• To do: Copy, without a single change, each line from the one that holds "Bannière GTbet montrant" to the bottom of the entries below, and drop any pictures.

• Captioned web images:
※ ※ ※

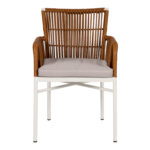 Πολυθρόνα Κήπου ArteLibre BLUENILE Λευκό/Καφέ Αλουμίνιο/Rattan 49x42x81cm - Image 8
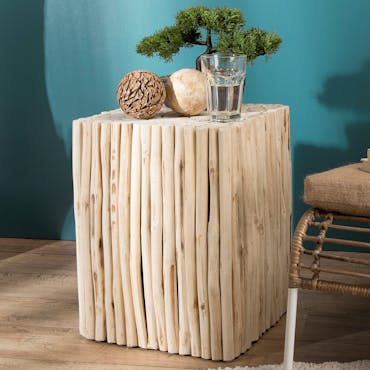Bout de canapé scandinave teck 35x35 cm Jaipur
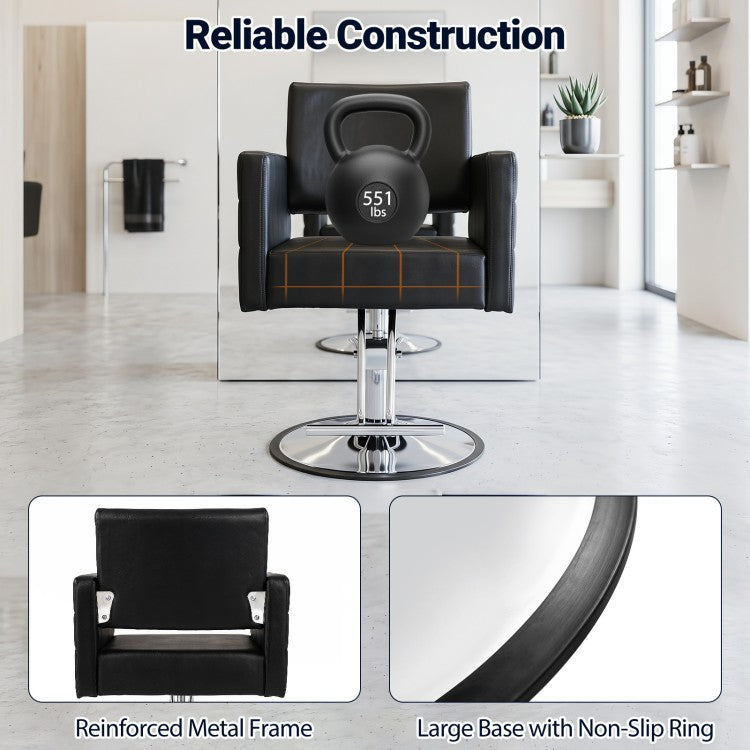 Barber Salon Chair with Hydraulic Pump, Adjustable Height Styling Chair, 360° Swivel Beauty Spa Chair, Heavy-Duty Reclining Salon Seat, Black & Silver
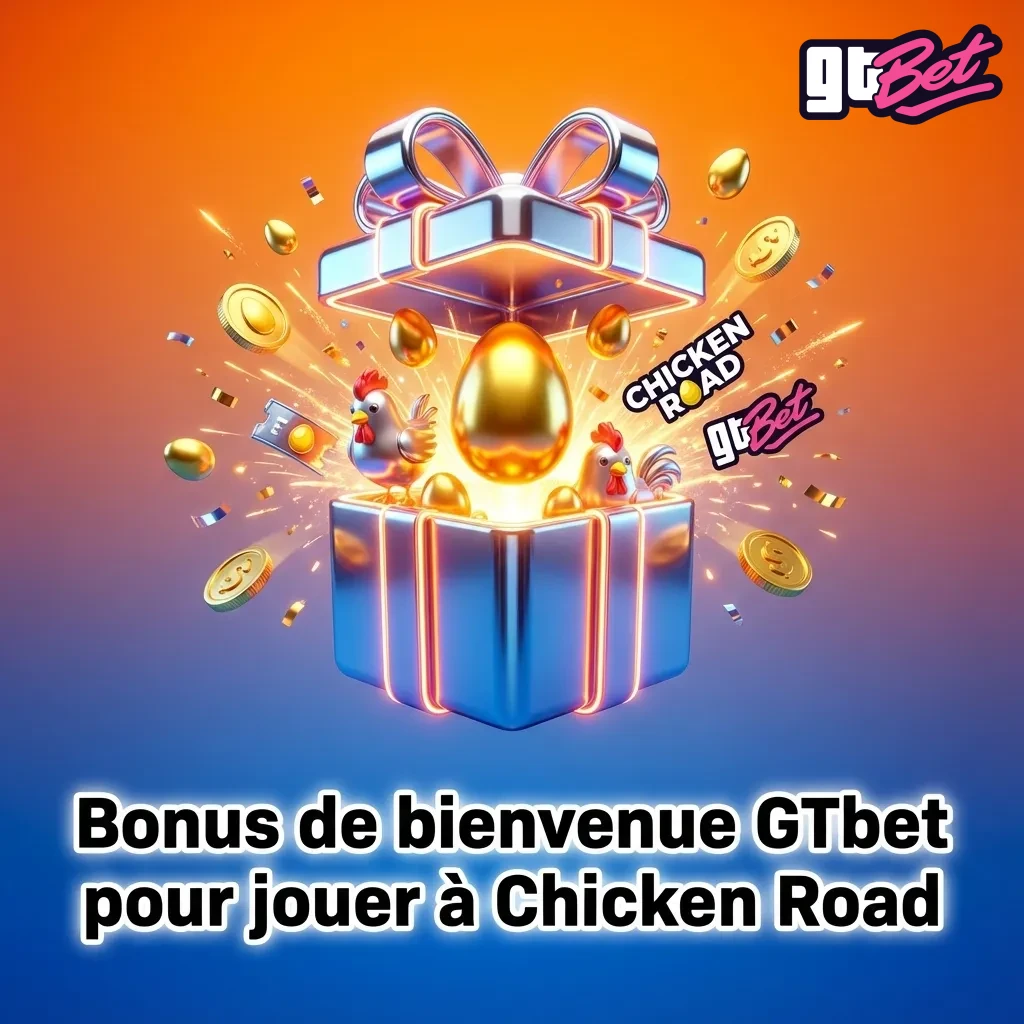 Bannière GTbet montrant un bonus de bienvenue casino jusqu’à 10 000 € pour jouer à Chicken Road
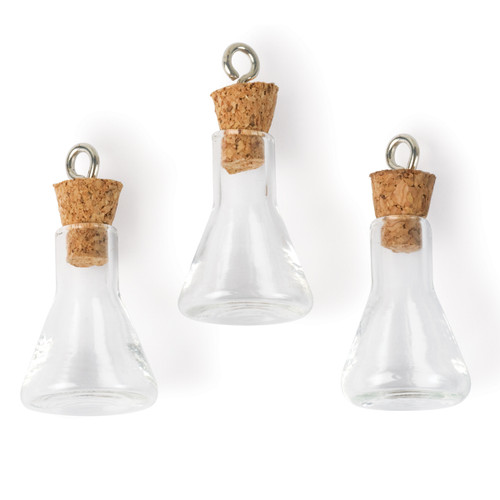 Solid Oak Steampunk Glass Accents 3/Pkg-Erlenmeyer Flasks STEAM249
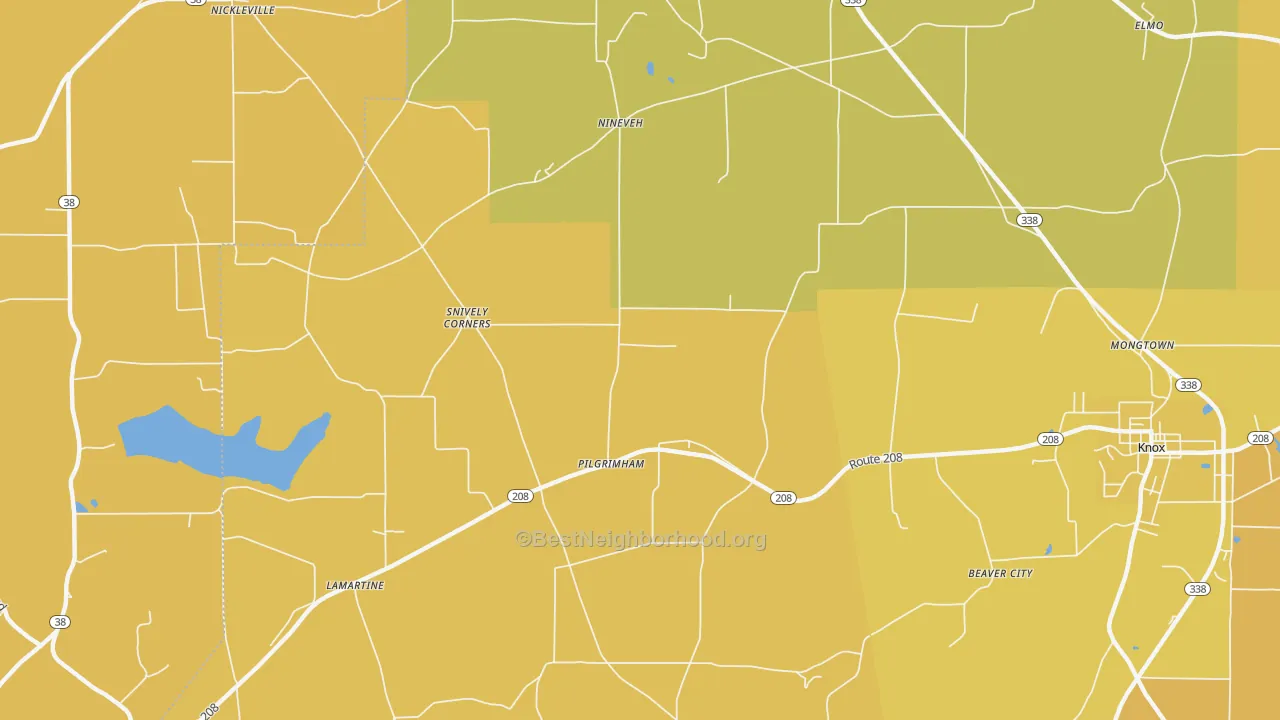Map of the best neighborhoods in the Pilgrimham area, with better matches in green and worse matches in red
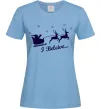 Жіноча футболка I BELIEVE IN SANTA Блакитний Жіноча футболка I BELIEVE IN SANTA Блакитний фото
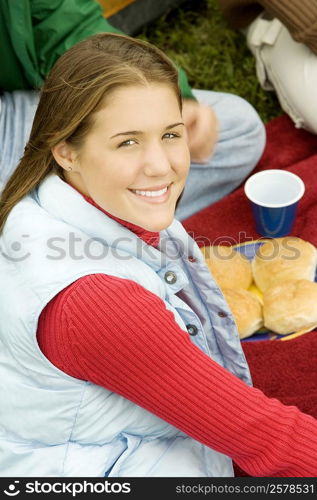 Portrait of a teenage girl smiling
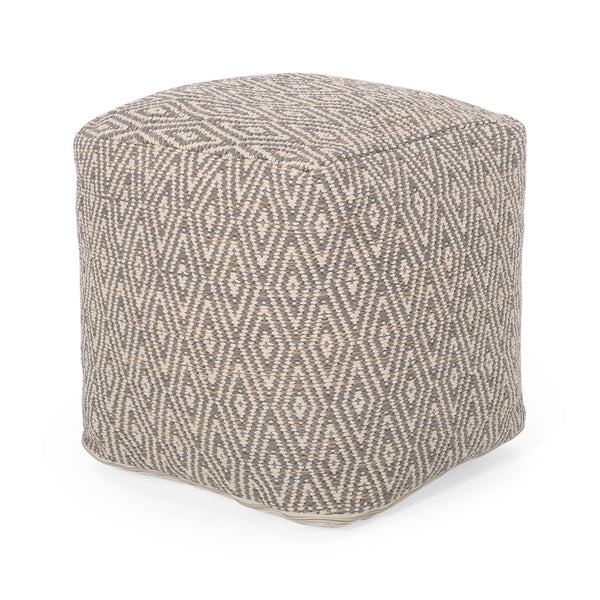 English Elm Amuleto Hand Loomed Cotton Pouf with Subtle Diamond Pattern, Soft Durable Fabric, 250 lb Capacity Beige+yellow B181P162897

※ ※ ※

• Written answer:
 Bannière GTbet montrant un bonus de bienvenue casino jusqu’à 10 000 € pour jouer à Chicken Road
 Solid Oak Steampunk Glass Accents 3/Pkg-Erlenmeyer Flasks STEAM249
Map of the best neighborhoods in the Pilgrimham area, with better matches in green and worse matches in red
 Жіноча футболка I BELIEVE IN SANTA Блакитний Жіноча футболка I BELIEVE IN SANTA Блакитний фото
 Portrait of a teenage girl smiling
 English Elm Amuleto Hand Loomed Cotton Pouf with Subtle Diamond Pattern, Soft Durable Fabric, 250 lb Capacity Beige+yellow B181P162897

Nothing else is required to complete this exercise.